It took all the control Luthien could muster for him to wait until the pair had passed before running down the stairs. Even then, Oliver tried to hold him back, but Luthien was gone, taking three steps at a time.

Oliver sighed and moved to follow, but paused long enough to see that the cape had left another of its “crimson shadows” on the wall beside the stairwell.

Their options were fewer when they came down to the next level. Three doors faced the stairwell, each about a dozen feet away. The two to the sides were unremarkable—Luthien could guess that they opened into corridors. He went to the third, curbed his urge to charge right through, and tried to gently turn the handle instead.

It was locked.

Luthien backed up and snarled, meaning to burst right through, but Oliver was beside him, calming him. From yet another pouch of his remarkable housebreaker, the halfling produced a slender, silver pick. A moment later, he looked back from the door at Luthien and smiled mischievously, the lock defeated.

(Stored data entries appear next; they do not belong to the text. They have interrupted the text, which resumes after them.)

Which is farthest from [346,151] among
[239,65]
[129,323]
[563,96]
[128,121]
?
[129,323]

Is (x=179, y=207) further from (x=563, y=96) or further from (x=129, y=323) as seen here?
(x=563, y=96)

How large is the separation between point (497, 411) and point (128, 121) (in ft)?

Luthien pushed right past him and went through the door, coming into yet another corridor, this one shorter, incredibly decorated in tiled mosaics, and with three doors lining each side.

One of those, the middle door to Luthien’s left, had a pair of burly Praetorian Guards in front of it.

“Hey, you cannot come in here!” one of the brutes growled, approaching as it spoke and moving its hand to the heavy cudgel strapped to its belt.

“My friend here, he needs a place to throw up,” Oliver improvised, jabbing Luthien as he spoke.

Luthien lurched forward, as though staggering and about to vomit, and the horrified cyclopian dodged aside, letting him stumble past. The brute turned back to complain to Oliver, but found a rapier blade suddenly piercing its throat.

The other Praetorian, not seeing the events behind Luthien, moved to slap the apparently drunken man aside. Luthien caught the hand and moved in close, then the guard went up on its toes, its expression incredulous as Blind-Striker sunk into its belly, angled upward, reaching for its lungs and heart.

Oliver shut the door to the stairwell. “We must hope that we are in the right place,” he whispered, but Luthien wasn’t even listening and wasn’t waiting for any lockpicking this time. The young Bedwyr roared down the corridor, cutting to the right, then back sharply to the left, slamming through the door into Duke Paragor’s private bedchamber.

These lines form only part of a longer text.